As Democratic Sens. Barack Obama and Hillary Clinton battle ahead of the March 4 primaries, no edge is too small to ignore — and both have been pursuing the endorsements of key newspapers.
Clinton developed ads playing off the endorsements of the New York Times and other papers in New Hampshire and Connecticut, while Obama pointed to support he received during the last debate from "editorial boards all across the country — the newspapers that have given me endorsements, including every major newspaper here in Texas."
But is there any correlation between big-paper endorsement and victory?
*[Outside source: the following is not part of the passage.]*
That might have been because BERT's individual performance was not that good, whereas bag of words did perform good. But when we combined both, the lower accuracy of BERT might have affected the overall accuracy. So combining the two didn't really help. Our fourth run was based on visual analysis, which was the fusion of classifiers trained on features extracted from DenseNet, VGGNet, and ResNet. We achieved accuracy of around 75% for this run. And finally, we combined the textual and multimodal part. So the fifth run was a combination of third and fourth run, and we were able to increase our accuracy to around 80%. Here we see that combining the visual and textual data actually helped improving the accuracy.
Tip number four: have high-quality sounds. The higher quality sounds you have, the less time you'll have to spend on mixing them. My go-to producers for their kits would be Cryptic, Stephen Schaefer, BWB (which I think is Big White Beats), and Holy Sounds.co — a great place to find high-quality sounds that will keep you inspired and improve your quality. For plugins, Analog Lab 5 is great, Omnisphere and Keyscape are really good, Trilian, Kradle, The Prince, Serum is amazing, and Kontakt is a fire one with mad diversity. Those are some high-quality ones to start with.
Obama was backed in the primaries by the Los Angeles Times and the Boston Globe — but then he lost in California and Massachusetts.
Clinton got the endorsements of the Des Moines Register and the Hartford Courant, but she lost in Iowa and Connecticut.
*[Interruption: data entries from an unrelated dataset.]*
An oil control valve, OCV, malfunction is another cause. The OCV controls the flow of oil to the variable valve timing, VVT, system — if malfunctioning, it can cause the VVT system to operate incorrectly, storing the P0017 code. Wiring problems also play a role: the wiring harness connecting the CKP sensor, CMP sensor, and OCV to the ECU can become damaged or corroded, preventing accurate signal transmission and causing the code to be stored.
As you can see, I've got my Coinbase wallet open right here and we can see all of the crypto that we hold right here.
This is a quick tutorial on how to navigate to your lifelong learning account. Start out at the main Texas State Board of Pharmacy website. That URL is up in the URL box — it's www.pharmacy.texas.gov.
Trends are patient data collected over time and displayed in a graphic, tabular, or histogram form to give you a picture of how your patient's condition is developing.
In fact, NPR looked at the biggest newspapers that made endorsements in 25 states with contests — and found that their chosen candidate won only 14 times.
Four years ago, the Republican-leaning Columbus Dispatch endorsed President Bush in the general election, and he won the swing state of Ohio.
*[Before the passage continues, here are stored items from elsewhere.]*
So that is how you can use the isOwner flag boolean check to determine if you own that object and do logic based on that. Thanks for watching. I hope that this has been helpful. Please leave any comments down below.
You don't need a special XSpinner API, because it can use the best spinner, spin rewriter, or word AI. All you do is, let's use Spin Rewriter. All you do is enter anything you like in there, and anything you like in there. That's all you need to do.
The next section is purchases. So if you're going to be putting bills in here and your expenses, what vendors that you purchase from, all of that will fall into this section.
"We still get letters to the editor here from people complaining about our decision-making in 2004 and suggesting that had we gone a different way, that the country may have been spared a second George W. Bush term," says Mike Curtin, the paper's associate publisher emeritus. "Obviously, that's a huge stretch."
Actually, that's a tremendous stretch. Last fall, the Pew Research Centers found that only 14 percent of Americans say their local paper's endorsement would make them more likely to vote for a candidate for public office. Of course, the group also found that 14 percent say they'd be less likely to vote for a candidate because of an endorsement. Although local races are affected, there seems to be little evidence of any palpable effect on the presidential level.
Joe Trippi argues otherwise. He was a senior adviser to former North Carolina Sen. John Edwards this year and was also Howard Dean's campaign chairman in 2004 when Dean ran for president.
He says the Des Moines Register's decision to back Edwards in the Iowa caucuses was pivotal that year.
"You know, that paper's endorsement started the momentum for this, at the time, this very little-known Southern senator and catapulted him to 32 percent of the vote," Trippi said. Edwards ended up the Democrats' vice presidential nominee.
But Time magazine Managing Editor Rick Stengel wonders about all these editorial endorsements with the royal "we" — as in "We support senator so-and-so."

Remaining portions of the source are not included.